_DATA SECTION_.
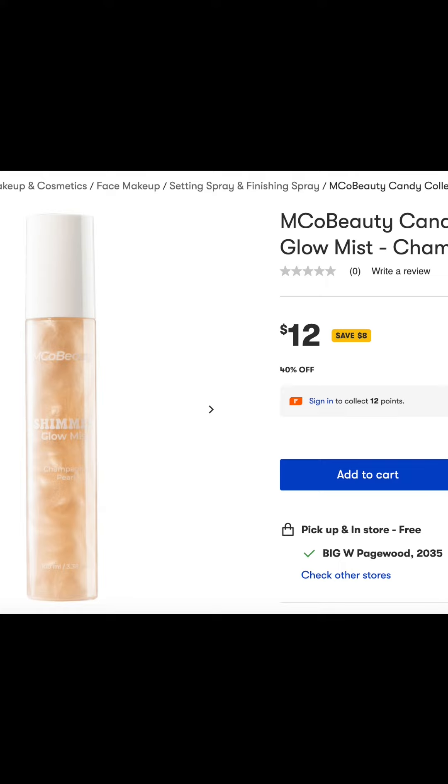Keeping to mists, I tried the Candy Series Shimmer Glow Mist in Champagne Pearl, which despite being limited edition, was in fact 40% off. It may look like nothing, but once you shake it up, it reveals a beautiful mica sparkle. Smells a bit plasticky, and one mist doesn't do much.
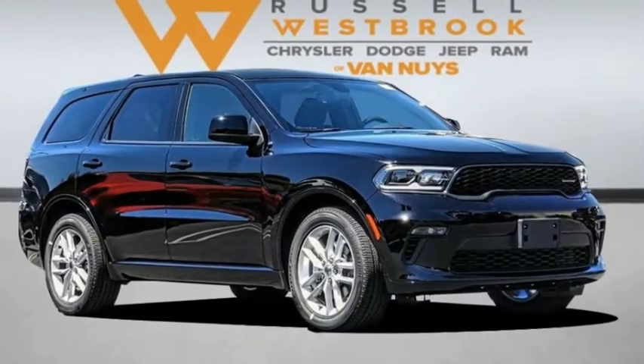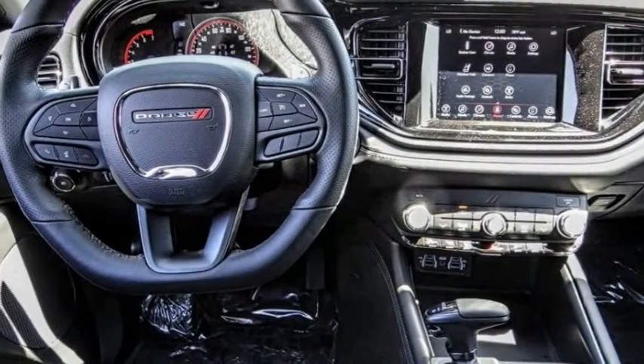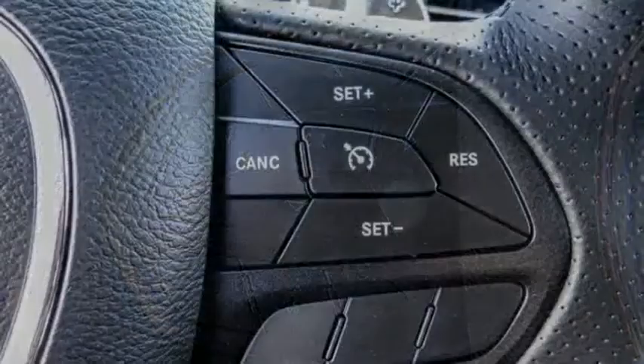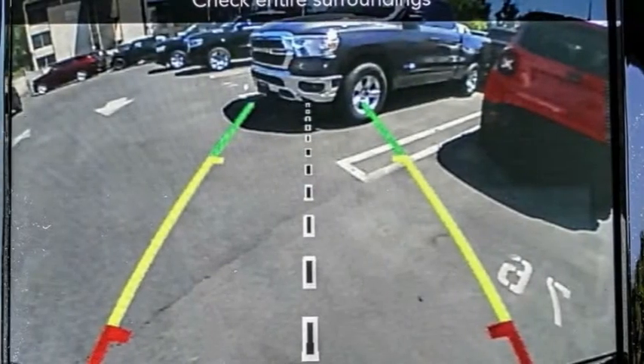Come test drive the 2021 Durango. The Durango allows you and your family to travel in style and comfort. It offers more interior room than most mid-size SUVs and has an available third row of seating. Underneath are sturdy body-on-frame mechanicals and the option for a powerful V8 engine.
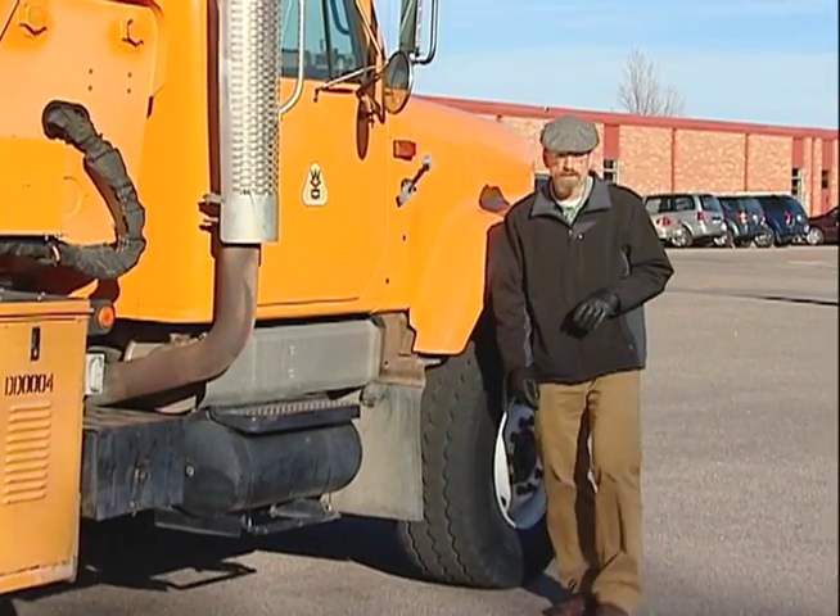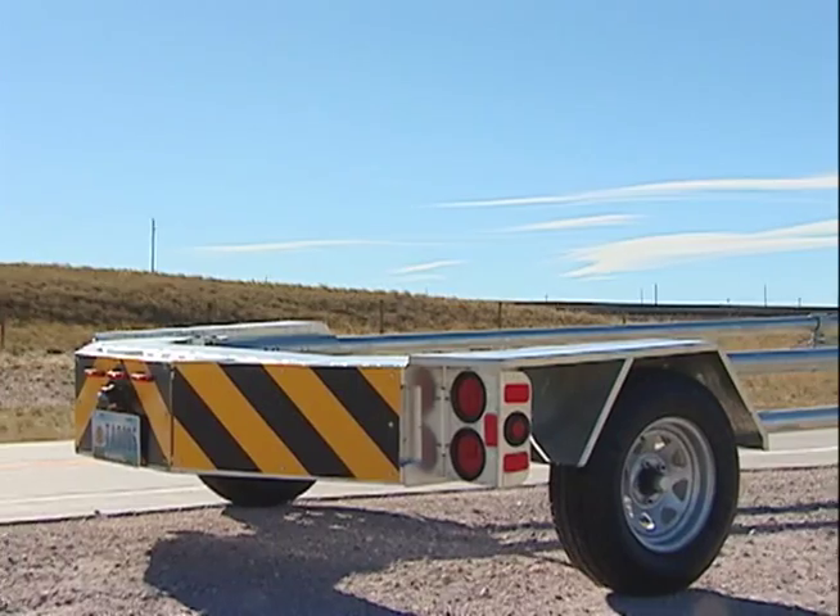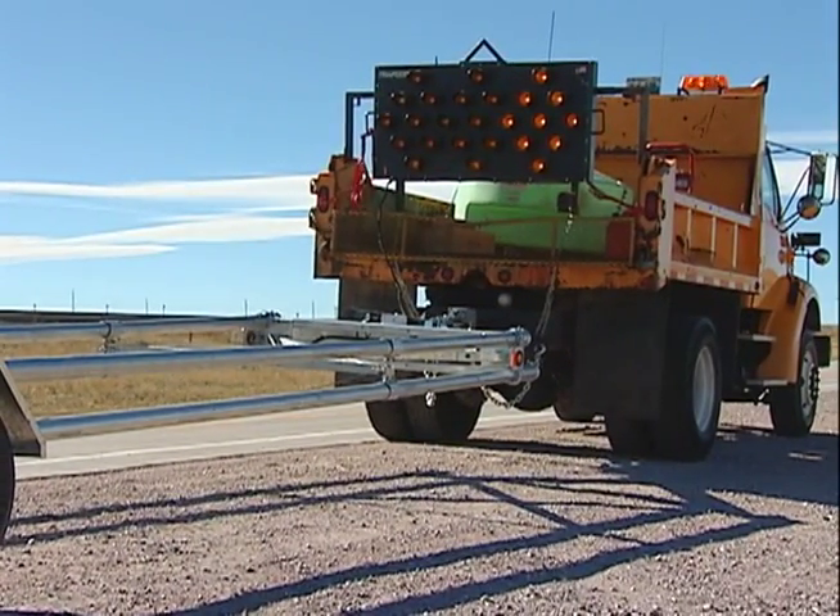Trailer-mounted crash attenuators are now required on WYDOT and contractor vehicles in work zones on busy Wyoming highways. An attenuator can be thought of as a crash cushion — it reduces the severity of an errant vehicle hitting the rear end or the bumper of a parked construction vehicle.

_INSTRUCTIONS TO FOLLOW_. Retype the whole listing word for word. Skip the pictures.

_ANSWER FOR THIS EXERCISE_.
Keeping to mists, I tried the Candy Series Shimmer Glow Mist in Champagne Pearl, which despite being limited edition, was in fact 40% off. It may look like nothing, but once you shake it up, it reveals a beautiful mica sparkle. Smells a bit plasticky, and one mist doesn't do much.
Come test drive the 2021 Durango. The Durango allows you and your family to travel in style and comfort. It offers more interior room than most mid-size SUVs and has an available third row of seating. Underneath are sturdy body-on-frame mechanicals and the option for a powerful V8 engine.
Trailer-mounted crash attenuators are now required on WYDOT and contractor vehicles in work zones on busy Wyoming highways. An attenuator can be thought of as a crash cushion — it reduces the severity of an errant vehicle hitting the rear end or the bumper of a parked construction vehicle.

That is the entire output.